Lopez Obrador, who officially lost the July 2 election by a razor-thin margin to president-elect Felipe Calderon, said the protest would be lifted to allow the popular September 16 independence day military parade to proceed.

The protest has "nothing against" the military, an "institution that guarantees our sovereignty," he told a downtown gathering of thousands of supporters.

However, in a challenge to outgoing President Vicente Fox, Lopez Obrador vowed to deliver a rival ceremonial public call for independence late September 15 at the Zocalo, the giant downtown square where the protests are centered.
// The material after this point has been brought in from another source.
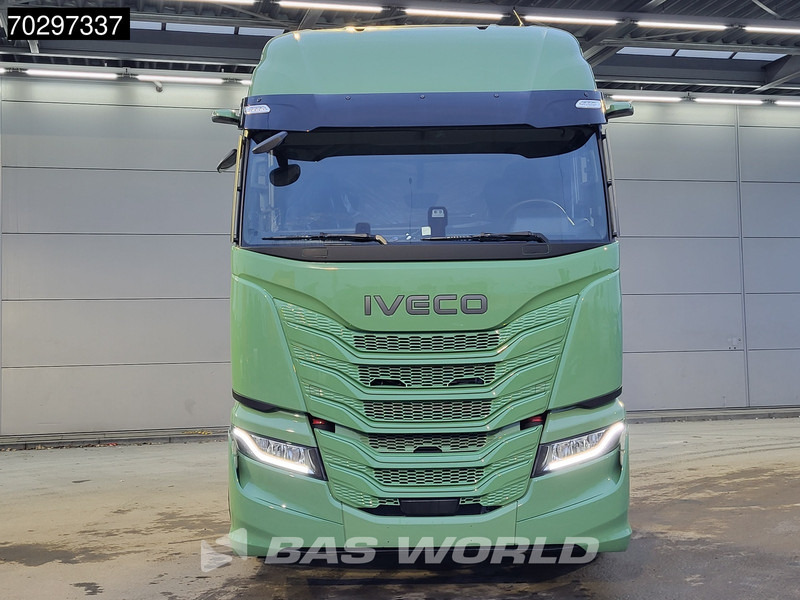 New Tractor unit Iveco S-Way 580 4X2 NEW! LED Standklima ACC Navi Euro 6: picture 6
The re-enactment ceremony is traditionally delivered each year at the Zocalo by the sitting president.

Lopez Obrador, 52, insists that he is the rightful leader of Mexico, and this week rejected Calderon as an "illegitimate president" responsible for a "coup d'etat" which he said was sending "Mexico's institutions to hell."

At about the same time Calderon, a member of Fox's conservative National Action Party (PAN), spoke to a rally of tens of thousands at the Mexico City bullfighting ring, the largest in the world. It was the first mass rally since he was confirmed as the country's next president.

Calderon, 44, called on all Mexicans, "including my opponents, to join in the fight against poverty and public insecurity."

He then called on his supporters to put aside the past and focus on "reconciliation and tolerance" instead.

"The confrontation is behind us, it ended on July 2," Calderon said.

"The Mexico that won was the Mexico of the institutions, on July 2 democracy won," said Calderon, taking a swipe at Lopez Obrador, who refuses to recognize the vote results.

The vote result has been one of the most bitterly contested elections in Mexican history. On Tuesday, the Federal Electoral Tribunal named Calderon as the next president in a decision that cannot be appealed.

Since the July 2 election, which Calderon won by a scant 0.56 percent, Lopez Obrador has lived in a tent city with backers of his Party of the Democratic Revolution (PRD) and kept up a campaign of civil disobedience, blocking traffic and protesting in the capital.

The final vote tally gave Calderon, Fox's former energy minister, a mere 233,831 vote advantage over Lopez Obrador.

The leftist former Mexico City mayor and his supporters say the election was marred by fraud.

Since late July thousands of Lopez Obrador sympathizers have camped out on the Paseo de la Reforma, one of the city's most important thoroughfares and the route of the annual military parade.